Последним пристанищем Шелли была вилла на берегу залива Спецция. Она описана у мистера Трелони.

В числе новых друзей, приобретенных Шелли в Италии, были капитан Уильямс с женой. К ним очень привязался не только сам поэт, но и миссис Шелли. Капитан Уильямс увлекался парусным спортом и по собственной модели построил небольшое судно, которое назвал «Дон-Жуан». Несмотря на все возражения строителя из Генуи, а также их общего друга капитана Робертса, который руководил постройкой, Уильямс непременно хотел спустить судно на воду. Чтобы выровнять его на плаву, понадобилось две тонны железа для балласта, но и тогда в ветреную погоду парусник оставался неустойчивым. Наняв двух опытных моряков и юнгу по имени Чарльз Вивиен, мистер Трелони переправил парусник из Генуи. Юнгу Шелли оставил, а моряков отослал обратно. Вернувшись, они сообщили мистеру Трелони, что из Генуи доплыли благополучно, но парусник очень капризен в управлении, о чем они и предупредили джентльменов.

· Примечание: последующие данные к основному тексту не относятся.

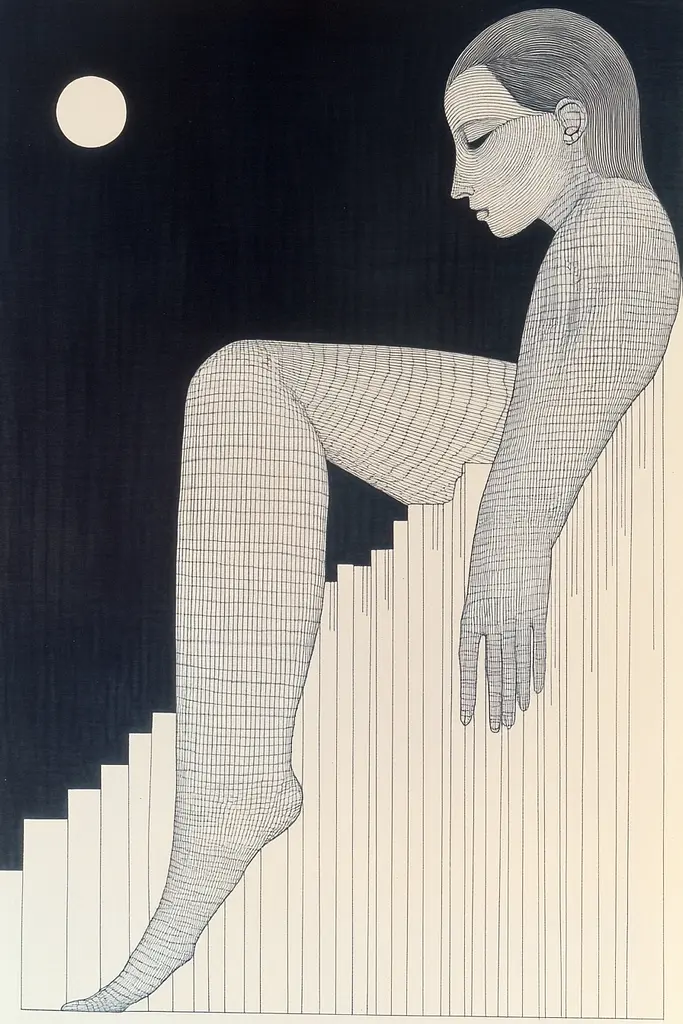 Midjourney generated image using SREF code Lineage Nexus: A black and white drawing of a woman sitting on a stairway.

У мистера Трелони, который выходил вместе с ними в море, сложилось впечатление, что единственным толковым моряком на борту был юнга. Они умудрились защемить грот-шкот и переложить румпель на правый борт вместо левого.

— Если бы сейчас была буря, — сказал он, — нам бы пришлось как следует выкупаться.

— Только не мне. Я бы, как балласт, сразу же пошел ко дну, — ответил Шелли, имея в виду сложенный в трюм балласт из железных брусьев.

Тем временем по просьбе Шелли лорд Байрон пригласил в Италию мистера Ли Ханта с семьей. Было решено совместными усилиями выпускать ежеквартальный журнал, успех которого всецело связывался с именем лорда Байрона. Впоследствии вышло всего четыре номера злосчастного «Либерала»[903] (название придумал сам Байрон), который оказался на редкость неудачным изданием. Хотя провал «Либерала» можно объяснить многими причинами, мне кажется, что журнал с таким названием не могли бы спасти даже самые громкие имена. Литературно-периодический журнал следует называть как-нибудь понейтральнее, чтобы преждевременно не задавать тон направлению всех последующих выпусков. Журнал может быть, в зависимости от взглядов издателей, аристократическим или демократическим по своему характеру; вместе с тем называть журнал «Аристократом» или «Демократом» значило бы изначально погубить его.

Ли Хант с семьей приехал в Италию 14 июня 1822 года, успев повидаться с Шелли в последний раз.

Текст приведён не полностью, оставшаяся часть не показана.